Jedną z największych kontrowersji wywołał utwór “How Does It Feel To Be Forgotten”. Selena nigdy tak naprawdę nie miała prywatnego życia – jej historia była zawsze na wyciągnięcie ręki dla mediów. Właśnie dlatego odbiorcy doszukują się drugiego dna w tym utworze, zwłaszcza w kontekście jej byłego partnera i jego zachowań w mediach społecznościowych. Trudno uwierzyć, że “How Does It Feel To Be Forgotten” nie jest związany z ich wspólną historią.
Kontynuacją tej narracji jest “You Said You Were Sorry”, poruszający utwór, w którym artystka opowiada o śnie, w którym osoba z przeszłości przeprosiła ją za wszystko. Niestety, to tylko fantazja. Dolewając oliwy do ognia, mamy “Don’t Take It Personally” – utwór pełen emocji, który, jak się okazuje, zawiera słowa, które pewna osoba kiedyś powiedziała do niej… Typowa #meangirl, prawda?

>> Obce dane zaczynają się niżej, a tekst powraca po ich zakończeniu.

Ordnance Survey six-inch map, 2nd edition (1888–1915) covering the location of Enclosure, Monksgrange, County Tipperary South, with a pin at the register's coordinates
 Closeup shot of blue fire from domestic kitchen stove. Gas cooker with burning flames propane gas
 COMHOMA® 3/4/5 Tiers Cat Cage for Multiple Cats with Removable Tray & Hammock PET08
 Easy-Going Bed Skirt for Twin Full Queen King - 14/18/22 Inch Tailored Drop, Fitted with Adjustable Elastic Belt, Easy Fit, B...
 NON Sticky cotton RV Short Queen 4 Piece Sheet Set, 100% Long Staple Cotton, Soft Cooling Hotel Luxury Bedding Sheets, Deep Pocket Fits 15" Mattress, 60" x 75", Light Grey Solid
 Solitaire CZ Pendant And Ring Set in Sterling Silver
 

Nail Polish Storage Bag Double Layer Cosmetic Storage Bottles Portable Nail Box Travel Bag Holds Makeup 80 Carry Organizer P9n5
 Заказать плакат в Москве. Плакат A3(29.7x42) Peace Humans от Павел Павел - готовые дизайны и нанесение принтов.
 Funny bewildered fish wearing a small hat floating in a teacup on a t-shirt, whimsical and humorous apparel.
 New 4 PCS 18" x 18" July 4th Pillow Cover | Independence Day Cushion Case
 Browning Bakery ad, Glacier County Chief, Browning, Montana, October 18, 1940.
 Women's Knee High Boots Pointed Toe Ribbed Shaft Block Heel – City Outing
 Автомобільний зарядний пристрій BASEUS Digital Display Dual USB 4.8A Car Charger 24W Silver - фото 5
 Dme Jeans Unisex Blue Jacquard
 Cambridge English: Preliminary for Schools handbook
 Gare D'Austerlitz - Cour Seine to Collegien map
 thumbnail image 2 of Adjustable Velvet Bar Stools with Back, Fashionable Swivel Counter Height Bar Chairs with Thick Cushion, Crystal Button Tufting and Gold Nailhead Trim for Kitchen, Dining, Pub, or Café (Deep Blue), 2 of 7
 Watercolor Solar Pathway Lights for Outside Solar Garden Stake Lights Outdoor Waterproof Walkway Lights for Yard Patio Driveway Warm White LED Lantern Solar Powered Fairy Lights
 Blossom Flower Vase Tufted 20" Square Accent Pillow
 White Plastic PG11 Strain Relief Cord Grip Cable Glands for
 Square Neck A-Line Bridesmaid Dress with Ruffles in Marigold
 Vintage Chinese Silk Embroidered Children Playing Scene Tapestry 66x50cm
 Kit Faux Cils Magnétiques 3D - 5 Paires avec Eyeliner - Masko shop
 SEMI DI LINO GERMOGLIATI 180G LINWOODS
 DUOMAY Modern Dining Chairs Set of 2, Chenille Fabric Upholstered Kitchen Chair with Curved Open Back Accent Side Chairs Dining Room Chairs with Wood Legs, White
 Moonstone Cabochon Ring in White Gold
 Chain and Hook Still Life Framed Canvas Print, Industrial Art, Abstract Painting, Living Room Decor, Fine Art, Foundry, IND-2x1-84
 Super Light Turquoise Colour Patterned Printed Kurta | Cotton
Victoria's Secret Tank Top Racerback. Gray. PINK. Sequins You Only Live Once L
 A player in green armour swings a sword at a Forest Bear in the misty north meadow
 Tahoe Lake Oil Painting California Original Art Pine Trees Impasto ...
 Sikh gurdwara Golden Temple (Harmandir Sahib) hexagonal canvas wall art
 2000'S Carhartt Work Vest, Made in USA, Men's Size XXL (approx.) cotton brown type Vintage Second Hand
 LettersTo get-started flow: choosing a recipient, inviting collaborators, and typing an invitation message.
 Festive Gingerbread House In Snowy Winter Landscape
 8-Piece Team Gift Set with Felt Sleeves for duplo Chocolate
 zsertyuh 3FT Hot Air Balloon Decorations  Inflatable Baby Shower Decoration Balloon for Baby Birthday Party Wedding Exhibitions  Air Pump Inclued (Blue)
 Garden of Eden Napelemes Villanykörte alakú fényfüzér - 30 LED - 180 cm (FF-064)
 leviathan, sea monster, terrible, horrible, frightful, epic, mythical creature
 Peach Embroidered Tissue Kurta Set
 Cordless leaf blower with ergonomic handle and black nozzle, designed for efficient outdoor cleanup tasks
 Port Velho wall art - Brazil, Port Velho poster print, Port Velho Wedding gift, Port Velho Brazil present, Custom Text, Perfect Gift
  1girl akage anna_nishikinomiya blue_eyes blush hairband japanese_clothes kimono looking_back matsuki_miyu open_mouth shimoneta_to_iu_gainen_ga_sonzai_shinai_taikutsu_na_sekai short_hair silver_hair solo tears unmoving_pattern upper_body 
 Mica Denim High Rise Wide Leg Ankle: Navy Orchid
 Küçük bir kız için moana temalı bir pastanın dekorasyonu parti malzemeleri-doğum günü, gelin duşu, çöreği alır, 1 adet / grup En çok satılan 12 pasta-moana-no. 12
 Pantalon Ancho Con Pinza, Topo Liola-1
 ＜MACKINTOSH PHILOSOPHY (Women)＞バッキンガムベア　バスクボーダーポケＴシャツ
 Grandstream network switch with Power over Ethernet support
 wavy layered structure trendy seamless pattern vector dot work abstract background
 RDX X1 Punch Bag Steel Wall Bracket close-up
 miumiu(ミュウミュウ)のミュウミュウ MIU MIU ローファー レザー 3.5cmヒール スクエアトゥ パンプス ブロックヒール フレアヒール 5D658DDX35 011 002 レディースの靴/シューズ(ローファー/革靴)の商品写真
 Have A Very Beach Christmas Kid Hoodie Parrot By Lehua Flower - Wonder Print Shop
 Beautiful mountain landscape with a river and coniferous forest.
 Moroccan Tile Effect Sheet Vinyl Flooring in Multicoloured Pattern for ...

Ciężko uwierzyć, że te trzy utwory to nie jedna, ta sama historia, tylko opowiedziana z różnych perspektyw.
Mimo że album dopiero co się ukazał, już zyskał wersję rozszerzoną, na której znalazł się hit “Call Me When You Break Up” – zarówno w akustycznej, jak i rozszerzonej wersji z Gracie Abrams. Prezentem dla fanów, którzy całkowicie pokochali ten krążek, jest zupełna nowość – “Stained”. To swoista kropka nad i, utwór, który nie powinien kurzyć się w szufladzie, i cieszy, że został wydany.
Z przykrością przyjęłam kilka lat temu wiadomość o zawieszeniu przez Selenę Gomez kariery muzycznej. Mówiąc szczerze, nie wierzyłam, że kiedykolwiek wyda nową muzykę, a co dopiero tak dobrą. Jestem wdzięczna, że nawiązała współpracę z Bennym Blanco i wspólnie stworzyli absolutnie fenomenalny album. Jedyną rzeczą, której brakuje temu wydawnictwu, jest trasa koncertowa, która pozwoliłaby fanom poczuć go na własnej skórze.